About a month ago I sat down with my co-teachers to get them to explain to me how many points my speaking tests would have in the students’ English final grade.
I brought paper with me to write everything out in the hopes that it would help prevent any miscommunications . . . god I’m such a fool to think that there is any method that might prevent this!
Today, after already finishing 2 classes where I explained the speaking test procedure, the rubric, and talked about how the test points add up and effect the students’ final grades . . . today I find out that I have no clue what I’m talking about.
I’m a little pissed off.
To start with, during the meeting I had a month ago I used the phrase “final grade for the whole year” several times. I talked about “100 points for the final grade” and asked how many of those 100 points were delegated to the native speaker conversation class tests–SEVERAL TIMES.
I wrote out on a piece of paper a break down that looks something like this,
Final Grade = 100 points
Jason’s Class = 10 points
Test 1 = 2.5 points
Test 2 = 2.5 points
Test 3 = 2.5 points
Test 4 + 2.5 points
Jason’s Class test point total = 10 / 100 final grade points
After writing this out, I then asked THREE co-teachers to confirm that my understanding was correct. None of them even hesitated for a second as they all enthusiastically said I understood the point system. WRONG!
The reality is that each semester of the school year’s testing points culminate in TWO FINAL GRADES: one final grade for the spring/summer semester, and one final grade for the fall/winter semester.
The two final grades are NOT averaged on the student’s academic record (according to what I was told this morning, but take that with a grain of salt)–believe me, I asked because I find the whole concept very strange.
The long and short of it is that this grading system helps the schools construct the student academic rankings each semester.
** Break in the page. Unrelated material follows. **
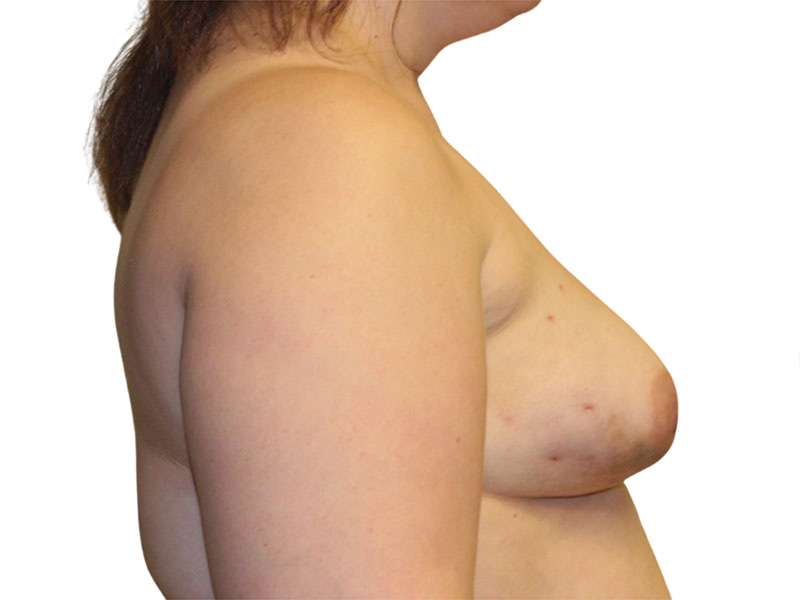 Breast Reconstruction Before and After | PERK Plastic Surgery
When I pointed out that the English classes throughout the entire year use the same textbook, and that all the tests in the spring/summer semester and fall/winter semester are based on the same source of material, and that there is a performance continuum that goes through the entire year . . . it was acknowledged that I had a valid point, but that the practice was to isolate each semester’s test scores in order to, wait for it, produce the academic rankings.
My co-teachers didn’t seem to understand why I was irritated today when I sat them down to hash out this miscommunication. In fact, one of them thought the discussion was a waste of time, and just walked away. Fine, thanks for the support–not.
The fact is that when I’m in the classroom and I am talking about TESTS and TEST POINTS I NEED TO KNOW WHAT I’M TALKING ABOUT cause otherwise the students will lose confidence in my authority and competence as their teacher and evaluator. But these things don’t seem to register in my co-teachers’ minds . . .
It’s extremely difficult for me to trust anything and everything I’m told by a co-teacher in Korea because I always have to wonder if there is authentic two-way communication taking place . . . whether I’m the one making a mistake and operating on some kind of unconscious cultural norms assumptions, or they are, it’s really hard to trust the information.
Often, Korean cultural norms and automatic assumptions create static and noise that inhibits thinking about the message and its content, and distorts and twists the specific contents of a message being sent by one party to another . . . even with the visual aids of pen and paper, and the frequent use of repetition of the key words in the message, comprehension checking questions, and rephrasing the SAME information in several different forms . . . the communication often gets distorted by the automatic thinking and cultural norms of the Korean, and/or the native English speaker.
It drives me a little crazy when this happens in my every day life outside of teaching, but most of the time I laugh it off.
But when it happens in a teaching context I have a really hard time shaking it off. Especially when it damages my teacher reputation and the quality of education in my classroom.
Explaining the testing and grading system to new native teachers arriving in Korean public school teaching jobs might just be something that NEEDS to be added to orientation curricula in the near future as English speaking tests begin to appear in more and more public school native English teacher conversation/speaking classes . . . otherwise I foresee the exact same situation happening to hundreds if not thousands of native English teachers in the near future.